Re: [easybuild] dateutil and python module builds

Fotis Georgatos Mon, 16 Mar 2015 10:27:50 +0100 (CET)

Hello Stuart,

first, sorry for reacting on this email so many days later, I wanted to give 
more time to it. 
In fact, it’s a lengthy response (it will be TL;DR for most others, be aware).

On Mar 5, 2015, at 4:55 PM, Stuart Barkley <stua...@4gh.net> wrote:
> Excuse the following paragraph of ranting, easybuild is still looking
> like a good and useful tool.  I'm an old curmudgeon who does not like
> some of the trends on the Internet as a whole.

Yeah, we all do that sometimes :-P

> I find it disgusting that a lot of modern software will just
> arbitrarily download things from the Internet.  Perl started doing

And it is disgusting, indeed!

In fact, it is *two* sins wrapped into one case, breaking both software quality 
features:
a) generality - there is an assumption of net connectivity which is not always 
the case
b) orthogonality - version is implied hardwired

Definitions for software quality (my take) visible here:
https://github.com/fgeorgatos/easybuild.experimental/wiki/HPC-Software-Quality

> some of this late in it's life and is somewhat controllable.  Python
> seems to have embraced this early in it's life.  I believe that
> software builders really need to know and explicitly state/request all
> of the libraries their software uses.  Not doing this can build large,
> complex or other long term issues into software without anyone
> knowing.  This issue is part of why I support our systems not having a
> direct Internet connection.

Your approach is basically the fail-early one, so that you can collect 
dependencies
up-front. I am not that fanatic in this respect, however I am glad others are :)

>> There are some ways (e.g., doing the build in a jail-like
>> environment), but they're not trivial.
> 
> My initial hope was that easybuild supported building software outside
> of the live environment (mock, chroot, fakeroot).  This is not the
> case and I can live with it for now but I hope this is/becomes part of
> the future direction.

What you are saying, in effect, is to confine not only build process, but also 
build environment.
I think all people who have been for a while in this business, have expressed 
consent
to go in this direction (in fact, docker has been referenced quite a few times).
fi. I’ve seen on IRC rjeschmi testing PRs from docker?! 

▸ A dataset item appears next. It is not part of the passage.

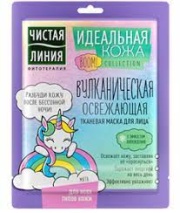 ЧЛ Идеальная кожа маска д/лица тканевая Очищение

To be fair, this may be beyond and/or orthogonal to EasyBuild:
- noone blocks anybody to setup an isolated build environment under chroot or 
whatever
However, this works well for one build, it is more tricky for builds with 
dependencies!
IMHO it’s all doable, it just takes someone with a strong itch to jump on the 
problem.

In fact, I would like that kind of feature to be possible to combine with this 
effort:
https://github.com/hpcugent/easybuild-framework/pull/1170 ## how to call fpm 
from EB
because then you can end up with tightly-controlled builds where no bits can be 
spilled 
in/out of the build process (you may obtain bit-level control at the build 
process).

Then, it would still be the case that different code paths may be taken on the 
basis
of archs (think: AVX vs non-AVX builds), however there would be far better 
traceability
than what we have now (where a single header file can variate a build, wildly).

>> I'll see what I can do to get six and ecdsa properly included where
>> needed, as dependencies for dateutil and paramiko, resp., thanks for
>> bringing this up.
> 
> thanks.

+1, thanks.

>> Just to clarify: the easyconfigs that are part of the EasyBuild
>> installation are meant to be treated as examples (which does not
>> mean they should contain inconsistencies like the one you reported).
> 
> This is also where I find the current easybuild process a little
> awkward.  I generally prefer examples to be out of the main execution
> path.  i.e.  If these are really examples, they should not be used
> automatically.  If they are a default configuration, they should work
> and be maintained (which is a lot of work for 2000+ configurations).

I think your last sentence explains why they are called examples :)

ie. the original EB authors try to disclaim responsibility for fitness
of the builds “for any particular purpose”. I find that a fair game.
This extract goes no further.